Miguel Estanislao Soler (7 May 1783-23 September 1849) was an Argentine general who fought in the Argentine War of Independence.
Biography[]
Miguel Estanislao Soler was born in Buenos Aires, Viceroyalty of the Rio de la Plata in 1783. He joined the Spanish Army at a young age and fought against the British invasions of the Rio de la Plata and Martin de Alzaga's revolution. However, he supported the May Revolution of 1810 and was dispatched to the Banda Oriental to aid Jose Gervasio Artigas in his liberation of Uruguay from the Spanish. As a colonel, he helped liberate Montevideo in May 1814. In August 1814, he was appointed Governor of the Banda Oriental, but most of the province was in the hands of Artigas' Federales. His attempt to crush the Federalist uprising was defeated at the Battle of Guayabos in January 1815, and he was forced to evacuate Montevideo. He was then redeployed to Chile, serving as a general in the Army of the Andes from July 1816. Soler participated in the crossing of the Andes and distinguished himself at the Battle of Chacabuco, but he was recalled to Buenos Aires for accusing the Chilean general Bernardo O'Higgins of endangering the victory with a hasty charge.
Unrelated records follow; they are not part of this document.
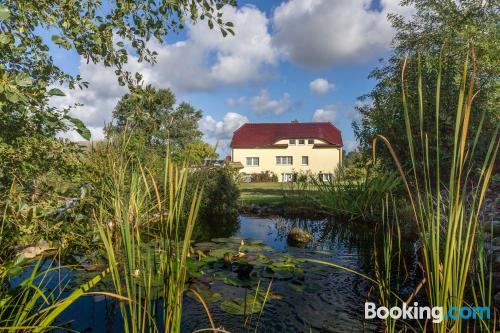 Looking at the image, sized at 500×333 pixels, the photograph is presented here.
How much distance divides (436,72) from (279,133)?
27.0 meters

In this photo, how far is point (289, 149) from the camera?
35625 mm

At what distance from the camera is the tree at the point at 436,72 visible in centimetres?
886

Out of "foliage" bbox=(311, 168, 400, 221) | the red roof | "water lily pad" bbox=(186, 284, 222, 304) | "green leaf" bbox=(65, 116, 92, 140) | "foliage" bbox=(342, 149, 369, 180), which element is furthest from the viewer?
the red roof

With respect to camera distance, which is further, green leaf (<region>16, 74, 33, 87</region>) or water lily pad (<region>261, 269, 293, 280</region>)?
water lily pad (<region>261, 269, 293, 280</region>)

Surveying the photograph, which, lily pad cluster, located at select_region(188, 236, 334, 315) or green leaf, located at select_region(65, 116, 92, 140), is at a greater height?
green leaf, located at select_region(65, 116, 92, 140)

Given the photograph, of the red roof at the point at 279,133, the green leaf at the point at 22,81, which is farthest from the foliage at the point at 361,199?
the red roof at the point at 279,133

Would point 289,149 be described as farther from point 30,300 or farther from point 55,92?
point 30,300

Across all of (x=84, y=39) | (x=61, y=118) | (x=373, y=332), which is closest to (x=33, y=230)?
(x=61, y=118)

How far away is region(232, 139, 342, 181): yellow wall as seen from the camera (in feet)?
114

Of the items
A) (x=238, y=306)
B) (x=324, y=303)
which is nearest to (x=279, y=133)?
(x=324, y=303)

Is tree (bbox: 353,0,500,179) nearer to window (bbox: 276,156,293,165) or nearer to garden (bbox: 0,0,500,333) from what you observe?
garden (bbox: 0,0,500,333)

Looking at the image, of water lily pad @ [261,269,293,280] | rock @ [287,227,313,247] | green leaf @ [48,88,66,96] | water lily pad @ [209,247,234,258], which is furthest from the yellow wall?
green leaf @ [48,88,66,96]

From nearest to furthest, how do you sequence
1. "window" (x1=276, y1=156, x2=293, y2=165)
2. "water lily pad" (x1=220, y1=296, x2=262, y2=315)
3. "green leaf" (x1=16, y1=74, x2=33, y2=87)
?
"green leaf" (x1=16, y1=74, x2=33, y2=87), "water lily pad" (x1=220, y1=296, x2=262, y2=315), "window" (x1=276, y1=156, x2=293, y2=165)

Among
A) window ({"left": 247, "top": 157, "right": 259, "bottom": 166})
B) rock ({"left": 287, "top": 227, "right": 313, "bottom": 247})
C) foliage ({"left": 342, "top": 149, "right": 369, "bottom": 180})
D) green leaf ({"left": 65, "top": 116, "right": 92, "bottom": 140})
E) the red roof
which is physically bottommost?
rock ({"left": 287, "top": 227, "right": 313, "bottom": 247}) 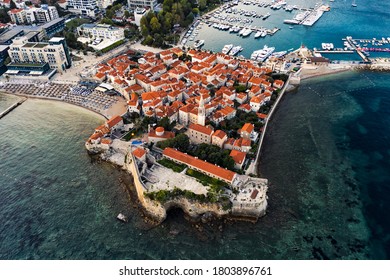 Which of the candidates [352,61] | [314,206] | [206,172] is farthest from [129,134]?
[352,61]

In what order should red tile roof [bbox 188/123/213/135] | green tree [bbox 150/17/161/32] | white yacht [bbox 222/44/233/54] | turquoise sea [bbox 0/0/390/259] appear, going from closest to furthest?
turquoise sea [bbox 0/0/390/259], red tile roof [bbox 188/123/213/135], white yacht [bbox 222/44/233/54], green tree [bbox 150/17/161/32]

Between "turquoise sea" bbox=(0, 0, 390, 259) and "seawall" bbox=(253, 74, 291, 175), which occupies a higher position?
"seawall" bbox=(253, 74, 291, 175)

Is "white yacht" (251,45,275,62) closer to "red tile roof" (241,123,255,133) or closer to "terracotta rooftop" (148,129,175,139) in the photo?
"red tile roof" (241,123,255,133)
He was without a command until 1819, when Jose Rondeau gave him command of an army in Lujan. He helped overthrow the Supreme Directory after the Battle of Cepeda in 1820, and he served as Governor of Buenos Aires Province that same year. He battled Santa Fe Province governor Estanislao Lopez at the Battle of Cañada de la Cruz on 28 June 1820, and he was defeated and forced to flee to Montevideo. Soler returned to Buenos Aires in 1822 and became inspector general of the army in 1823. He led the army in its campaign against the Empire of Brazil during the Cisplatine War, and he returned to Buenos Aires in 1828 and briefly served as ambassador to Bolivia before being recalled on Juan Lavalle's coup. He served as an advisor to Lavalle and Juan Jose Viamonte before being named commander of the urban forces of Buenos Aires by President Juan Manuel de Rosas in 1830. Soler was a strong supporter of Rosas, but the bloody repression of 1840 caused him to move to Montevideo before returning to Argentina and dying in obscurity in 1849.